When Michael Gove knifed Boris, friends of the blonde bombshell were outraged. Gove, they suggested, should be cast into outer darkness. On the contrary, I recall one veteran anti-Boris Tory saying: “For stopping Boris, Gove should get a ****ing knighthood.”

Thank goodness the Tory tribe has moved on from all the animosity of the summer of 2016, and now such feuds and infighting are a thing of the past…

Yeah, right.

The rickety May government is not about to fall this minute, but it rests on a Prime Minister staying, to her credit, in the job out of duty, blown about by cabinet shenanigans that have stalled – or worse – the progress made by May from her Florence speech in September on Brexit.

My view from the general election campaign was that May was done, when there was that dramatic shift as the public went from viewing her as “strong and stable” to “weak, wobbly and remote” in the space of a week. The country, the government and the Tory party, needed fresh leadership right after the botched election and a switch then to David Davis would have worked.

The difficulty now is that the Brexit talks are at a critical stage, and while the Prime Minister clings on she looks fragile. If more scandals emerge, or the stress and fatigue become too much, the Tories may soon need an emergency Prime Minister. It is no use saying she must stay at all costs. What if she cannot? Face it. If events, health and cabinet incompetence continue to conspire against her, there may soon come a moment when someone else has to take the job of Prime Minister.

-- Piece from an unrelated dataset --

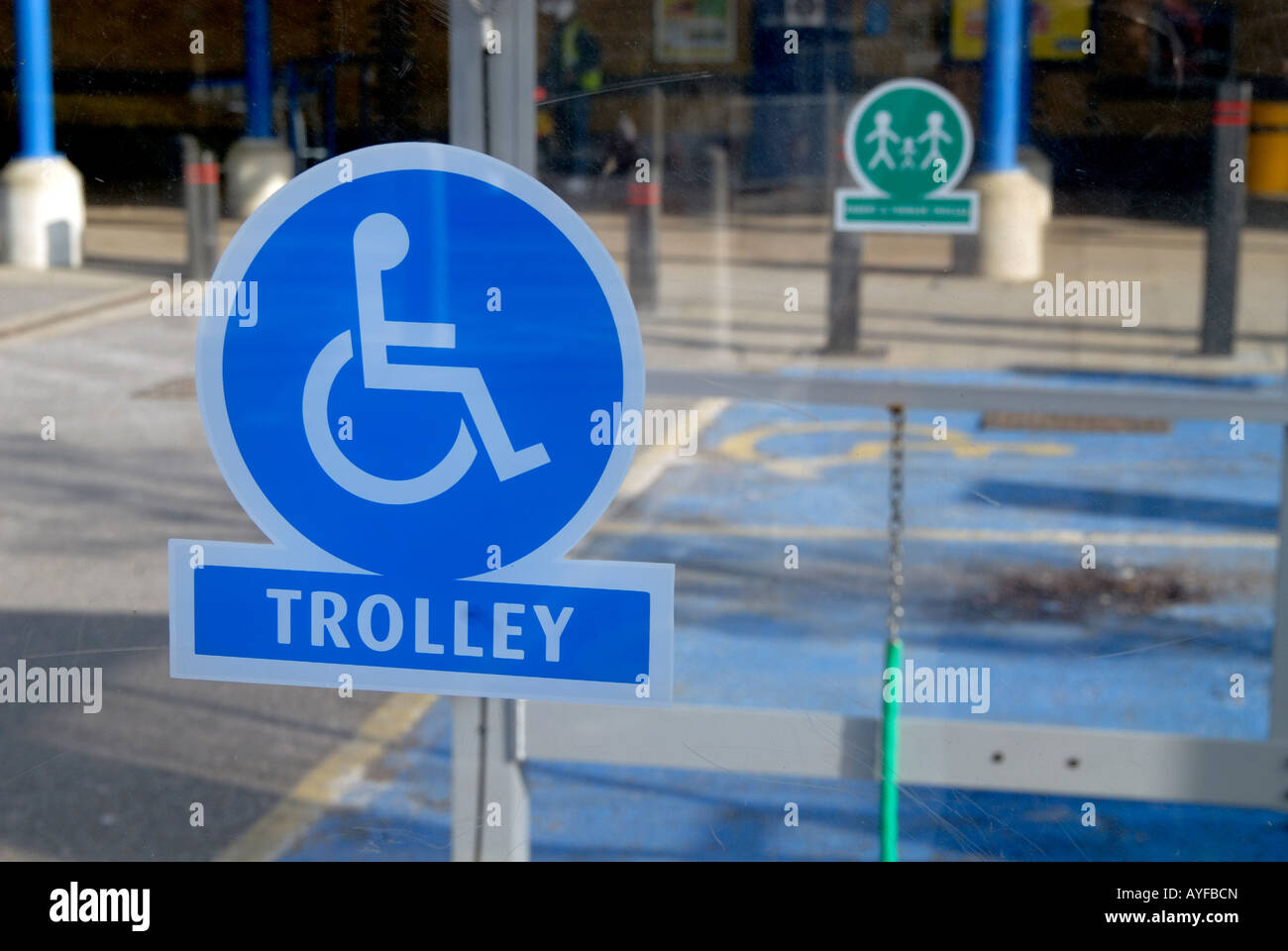 UK -FACILITIES FOR DISABLED CUSTOMERS IN MORRISONS SUPERMARKET CAR PARK ...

In my latest column for The Times I suggest a flutter on Michael Gove, the environment secretary. This is not a prediction he will win, simply an assessment that it is possible given the following evidence which is being overlooked.

Is Gove not vindicated completely in his criticism of Boris by this Iranian row? Isn’t that the perfect example of Boris not doing his homework  and doing harm with loose language? Looks like it.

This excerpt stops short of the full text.